_WHAT IS NEEDED_
In the records below, find the line with "16 Robinson Road, Cranebrook" and the line with "TOYOTA SIENTA HYBRID 2025". Print both exactly, along with every line between them, and no other line.

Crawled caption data

-- Opening Marker --

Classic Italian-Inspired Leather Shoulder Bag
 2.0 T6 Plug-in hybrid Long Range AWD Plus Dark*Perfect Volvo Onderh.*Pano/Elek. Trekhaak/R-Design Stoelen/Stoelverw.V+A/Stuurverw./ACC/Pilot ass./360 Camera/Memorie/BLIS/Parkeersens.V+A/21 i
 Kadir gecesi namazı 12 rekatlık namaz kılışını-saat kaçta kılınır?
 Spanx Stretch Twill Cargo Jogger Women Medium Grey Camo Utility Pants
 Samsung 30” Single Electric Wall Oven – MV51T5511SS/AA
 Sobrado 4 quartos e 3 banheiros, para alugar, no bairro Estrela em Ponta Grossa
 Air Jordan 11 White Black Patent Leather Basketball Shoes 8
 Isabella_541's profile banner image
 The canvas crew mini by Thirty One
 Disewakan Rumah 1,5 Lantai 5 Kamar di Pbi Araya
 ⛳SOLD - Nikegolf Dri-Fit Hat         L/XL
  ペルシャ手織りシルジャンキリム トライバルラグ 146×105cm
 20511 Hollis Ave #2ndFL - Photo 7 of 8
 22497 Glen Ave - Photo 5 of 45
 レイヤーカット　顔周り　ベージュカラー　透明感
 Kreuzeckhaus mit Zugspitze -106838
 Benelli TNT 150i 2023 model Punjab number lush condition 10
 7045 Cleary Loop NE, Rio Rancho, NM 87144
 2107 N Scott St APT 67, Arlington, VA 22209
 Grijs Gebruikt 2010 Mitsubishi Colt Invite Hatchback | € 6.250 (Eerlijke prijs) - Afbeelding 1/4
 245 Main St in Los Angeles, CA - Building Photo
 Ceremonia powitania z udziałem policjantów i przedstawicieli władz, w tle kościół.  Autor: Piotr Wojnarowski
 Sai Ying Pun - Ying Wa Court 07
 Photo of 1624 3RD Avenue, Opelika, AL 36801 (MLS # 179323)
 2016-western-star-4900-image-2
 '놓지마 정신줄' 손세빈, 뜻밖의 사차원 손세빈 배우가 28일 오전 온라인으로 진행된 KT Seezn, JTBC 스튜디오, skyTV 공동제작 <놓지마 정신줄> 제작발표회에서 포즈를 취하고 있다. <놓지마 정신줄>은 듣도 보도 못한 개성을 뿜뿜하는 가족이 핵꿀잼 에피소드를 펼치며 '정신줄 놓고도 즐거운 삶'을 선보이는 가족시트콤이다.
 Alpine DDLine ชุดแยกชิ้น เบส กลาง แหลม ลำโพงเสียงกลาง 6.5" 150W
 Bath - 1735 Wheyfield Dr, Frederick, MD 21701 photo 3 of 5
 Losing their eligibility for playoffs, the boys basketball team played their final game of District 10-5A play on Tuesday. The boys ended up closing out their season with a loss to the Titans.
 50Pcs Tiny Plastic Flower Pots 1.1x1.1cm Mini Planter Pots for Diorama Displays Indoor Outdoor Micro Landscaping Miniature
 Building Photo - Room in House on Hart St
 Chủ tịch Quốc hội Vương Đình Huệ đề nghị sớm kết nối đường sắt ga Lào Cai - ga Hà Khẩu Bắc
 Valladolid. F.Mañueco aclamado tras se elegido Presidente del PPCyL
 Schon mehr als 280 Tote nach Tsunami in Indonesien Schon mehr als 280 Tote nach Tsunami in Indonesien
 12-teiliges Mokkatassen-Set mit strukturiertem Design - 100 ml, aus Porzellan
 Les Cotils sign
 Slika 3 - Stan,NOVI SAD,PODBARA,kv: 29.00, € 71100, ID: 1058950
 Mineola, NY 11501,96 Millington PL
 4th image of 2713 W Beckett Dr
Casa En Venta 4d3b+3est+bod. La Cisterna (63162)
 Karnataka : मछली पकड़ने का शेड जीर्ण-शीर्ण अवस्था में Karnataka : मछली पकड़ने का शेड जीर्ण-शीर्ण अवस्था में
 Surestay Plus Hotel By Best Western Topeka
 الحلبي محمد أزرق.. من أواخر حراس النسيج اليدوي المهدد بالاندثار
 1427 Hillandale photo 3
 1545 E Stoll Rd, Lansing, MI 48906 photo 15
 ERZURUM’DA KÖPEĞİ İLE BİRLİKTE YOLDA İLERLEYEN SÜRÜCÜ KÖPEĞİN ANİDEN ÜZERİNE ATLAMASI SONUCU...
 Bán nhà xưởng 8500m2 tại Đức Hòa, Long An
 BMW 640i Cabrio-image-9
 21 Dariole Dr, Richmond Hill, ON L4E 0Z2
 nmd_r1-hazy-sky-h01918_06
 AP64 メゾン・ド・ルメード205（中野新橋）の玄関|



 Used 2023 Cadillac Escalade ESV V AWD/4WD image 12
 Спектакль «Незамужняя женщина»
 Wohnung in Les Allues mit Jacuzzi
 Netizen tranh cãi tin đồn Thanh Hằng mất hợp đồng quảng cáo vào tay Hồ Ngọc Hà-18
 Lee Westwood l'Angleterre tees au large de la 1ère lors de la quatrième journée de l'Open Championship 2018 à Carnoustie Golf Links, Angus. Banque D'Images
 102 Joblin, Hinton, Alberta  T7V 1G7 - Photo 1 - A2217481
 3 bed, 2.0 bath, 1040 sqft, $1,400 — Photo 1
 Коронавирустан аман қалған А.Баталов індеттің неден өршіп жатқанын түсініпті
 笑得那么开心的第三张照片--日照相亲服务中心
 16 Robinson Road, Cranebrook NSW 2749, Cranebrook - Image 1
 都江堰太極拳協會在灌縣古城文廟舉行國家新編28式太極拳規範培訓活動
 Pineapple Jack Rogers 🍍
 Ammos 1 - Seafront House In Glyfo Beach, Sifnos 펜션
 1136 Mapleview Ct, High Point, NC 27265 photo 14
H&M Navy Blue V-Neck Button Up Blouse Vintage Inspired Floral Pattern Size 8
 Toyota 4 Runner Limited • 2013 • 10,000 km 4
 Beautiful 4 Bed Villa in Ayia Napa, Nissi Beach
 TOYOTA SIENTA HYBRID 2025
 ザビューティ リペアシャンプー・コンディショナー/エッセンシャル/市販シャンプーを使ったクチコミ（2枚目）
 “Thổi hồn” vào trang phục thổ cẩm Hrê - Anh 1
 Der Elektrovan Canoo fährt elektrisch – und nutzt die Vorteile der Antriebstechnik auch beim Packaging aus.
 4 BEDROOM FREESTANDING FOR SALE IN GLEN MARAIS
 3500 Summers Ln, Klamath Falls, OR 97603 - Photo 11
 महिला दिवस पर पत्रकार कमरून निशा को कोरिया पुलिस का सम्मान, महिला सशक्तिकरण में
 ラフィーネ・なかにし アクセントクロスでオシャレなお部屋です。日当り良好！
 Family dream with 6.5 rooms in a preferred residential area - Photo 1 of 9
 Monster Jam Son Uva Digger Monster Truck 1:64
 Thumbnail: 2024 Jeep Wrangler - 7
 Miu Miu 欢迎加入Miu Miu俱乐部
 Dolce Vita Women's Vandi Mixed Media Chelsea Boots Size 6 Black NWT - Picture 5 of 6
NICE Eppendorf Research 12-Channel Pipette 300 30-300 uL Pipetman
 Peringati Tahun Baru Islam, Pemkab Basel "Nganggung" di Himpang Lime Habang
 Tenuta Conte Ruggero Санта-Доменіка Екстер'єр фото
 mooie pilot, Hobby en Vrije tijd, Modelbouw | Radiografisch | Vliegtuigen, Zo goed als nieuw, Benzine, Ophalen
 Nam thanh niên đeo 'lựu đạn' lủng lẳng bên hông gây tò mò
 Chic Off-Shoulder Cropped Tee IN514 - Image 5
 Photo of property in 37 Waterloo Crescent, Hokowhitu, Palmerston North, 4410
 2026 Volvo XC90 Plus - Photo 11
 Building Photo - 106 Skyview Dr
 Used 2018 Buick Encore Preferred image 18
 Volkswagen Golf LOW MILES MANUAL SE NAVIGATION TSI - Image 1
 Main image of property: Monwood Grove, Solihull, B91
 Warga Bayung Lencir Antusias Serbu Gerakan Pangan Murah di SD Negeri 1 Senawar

-- Closing Marker --

_TASK RESPONSE_
 16 Robinson Road, Cranebrook NSW 2749, Cranebrook - Image 1
 都江堰太極拳協會在灌縣古城文廟舉行國家新編28式太極拳規範培訓活動
 Pineapple Jack Rogers 🍍
 Ammos 1 - Seafront House In Glyfo Beach, Sifnos 펜션
 1136 Mapleview Ct, High Point, NC 27265 photo 14
H&M Navy Blue V-Neck Button Up Blouse Vintage Inspired Floral Pattern Size 8
 Toyota 4 Runner Limited • 2013 • 10,000 km 4
 Beautiful 4 Bed Villa in Ayia Napa, Nissi Beach
 TOYOTA SIENTA HYBRID 2025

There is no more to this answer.